__Your objective__: Extract the run of lines that starts at the top of the records below and ends at the line with "1, 2, 3, 4, 5.", keeping both ends and excluding pictures.

[Data records]
====

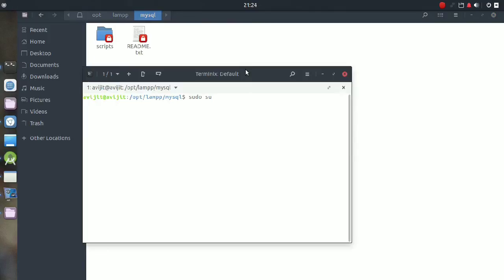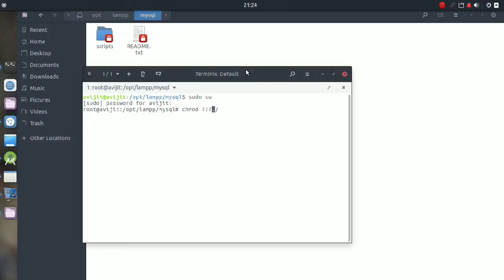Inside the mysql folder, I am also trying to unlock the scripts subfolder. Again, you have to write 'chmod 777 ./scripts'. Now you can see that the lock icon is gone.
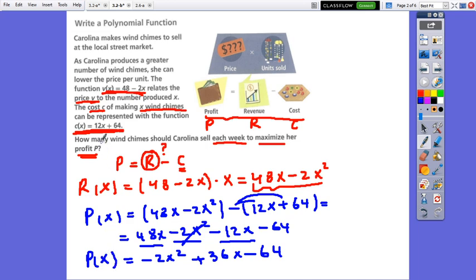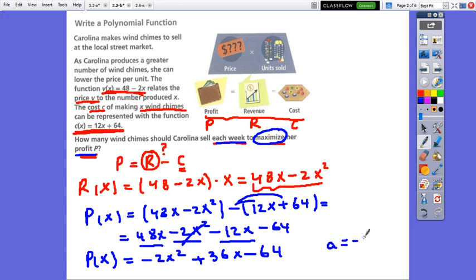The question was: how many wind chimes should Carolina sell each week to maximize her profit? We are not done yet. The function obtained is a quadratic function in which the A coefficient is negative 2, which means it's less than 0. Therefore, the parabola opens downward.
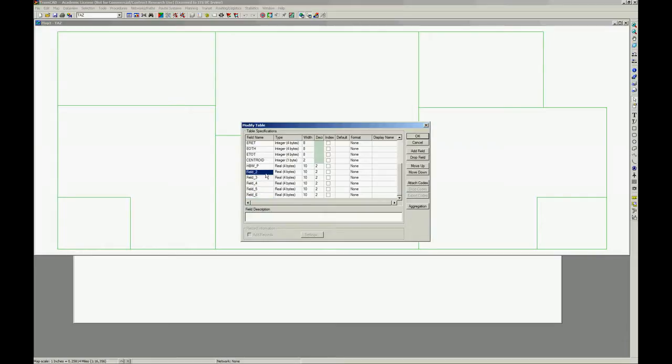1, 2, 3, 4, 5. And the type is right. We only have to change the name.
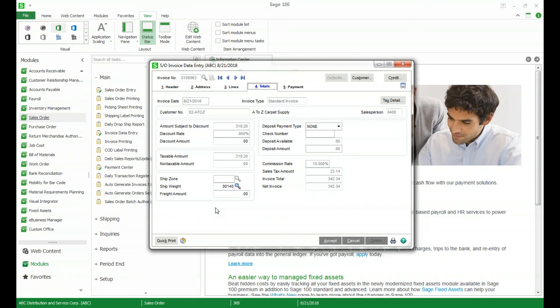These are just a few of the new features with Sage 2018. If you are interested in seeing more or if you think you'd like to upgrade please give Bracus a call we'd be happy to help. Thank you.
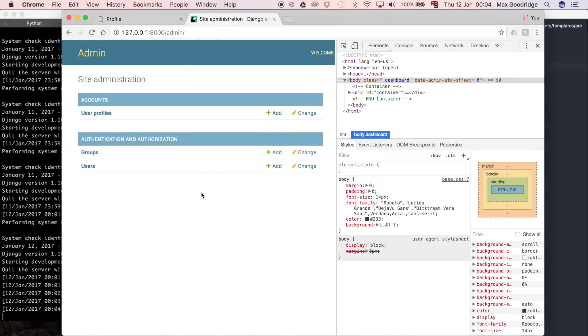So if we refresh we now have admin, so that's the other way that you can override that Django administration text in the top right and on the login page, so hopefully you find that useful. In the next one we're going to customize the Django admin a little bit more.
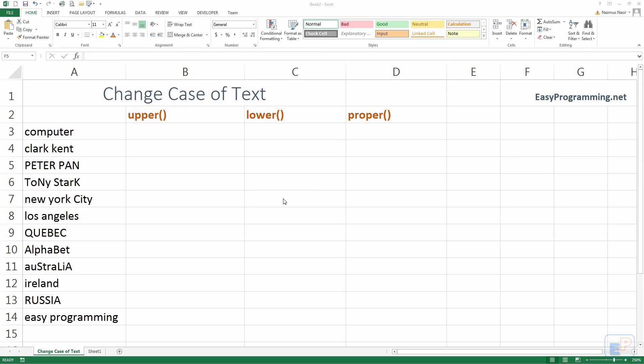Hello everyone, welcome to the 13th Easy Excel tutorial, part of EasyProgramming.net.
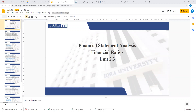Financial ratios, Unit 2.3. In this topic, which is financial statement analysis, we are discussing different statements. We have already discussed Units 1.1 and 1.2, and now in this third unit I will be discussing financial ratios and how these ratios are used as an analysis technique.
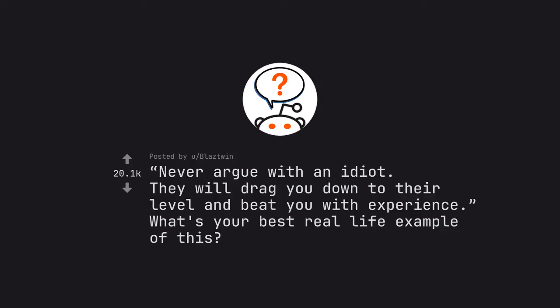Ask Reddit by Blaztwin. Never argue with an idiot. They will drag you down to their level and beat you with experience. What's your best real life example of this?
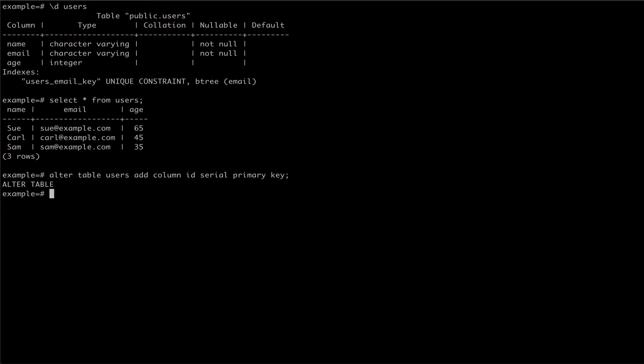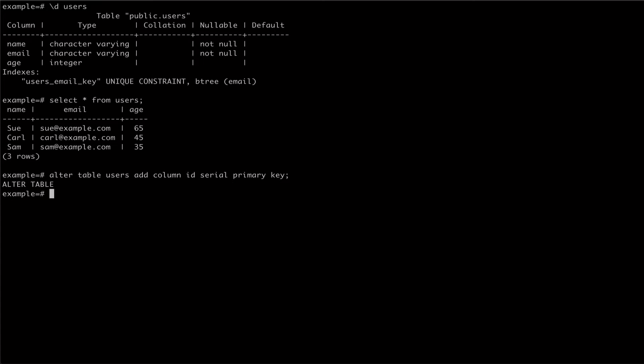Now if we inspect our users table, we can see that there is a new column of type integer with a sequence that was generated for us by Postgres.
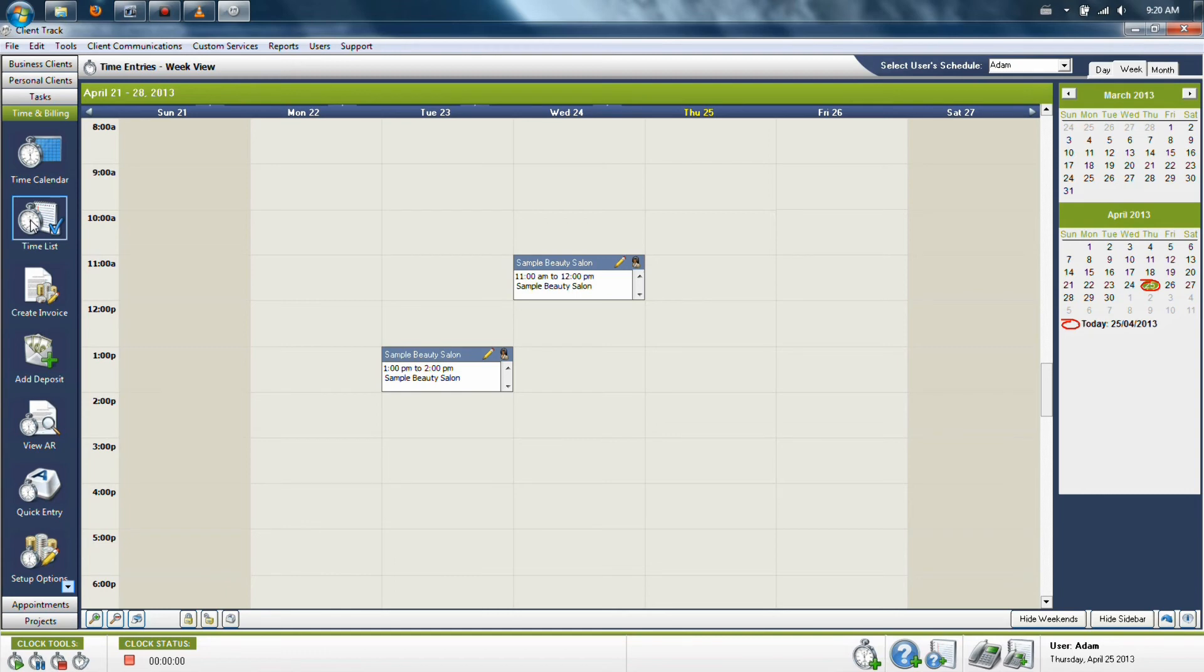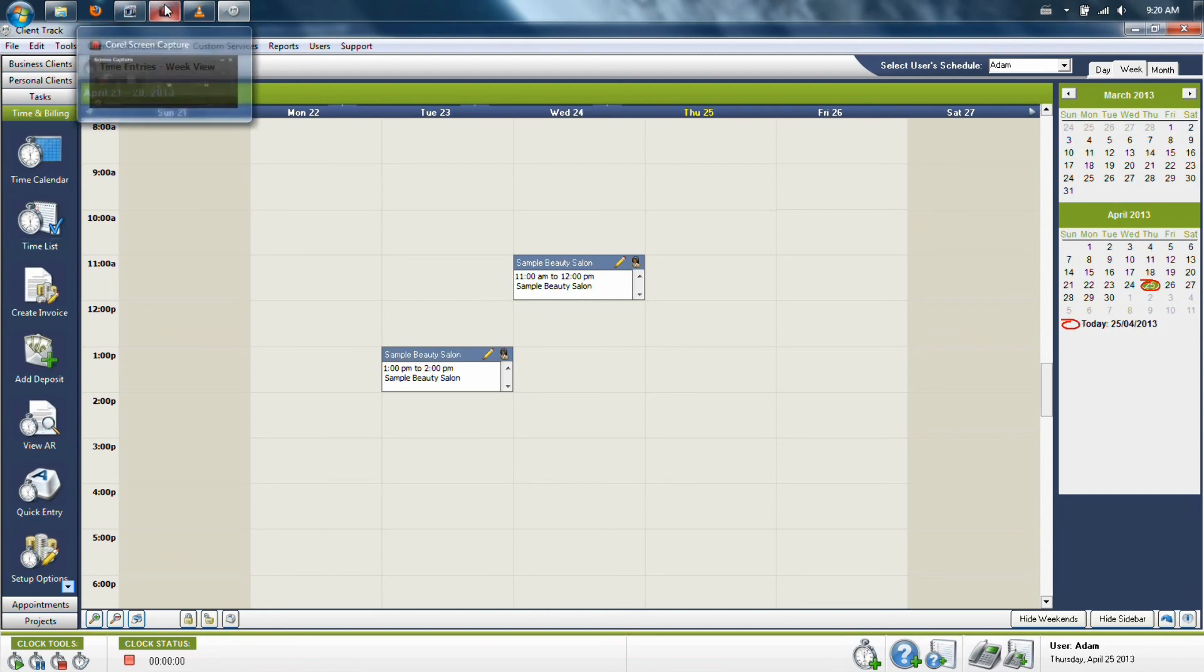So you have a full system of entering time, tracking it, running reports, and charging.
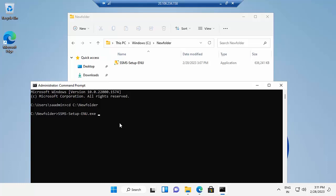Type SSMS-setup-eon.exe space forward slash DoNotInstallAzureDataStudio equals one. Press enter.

====

__Reply__:
Inside the mysql folder, I am also trying to unlock the scripts subfolder. Again, you have to write 'chmod 777 ./scripts'. Now you can see that the lock icon is gone.
The question was: how many wind chimes should Carolina sell each week to maximize her profit? We are not done yet. The function obtained is a quadratic function in which the A coefficient is negative 2, which means it's less than 0. Therefore, the parabola opens downward.
1, 2, 3, 4, 5. And the type is right. We only have to change the name.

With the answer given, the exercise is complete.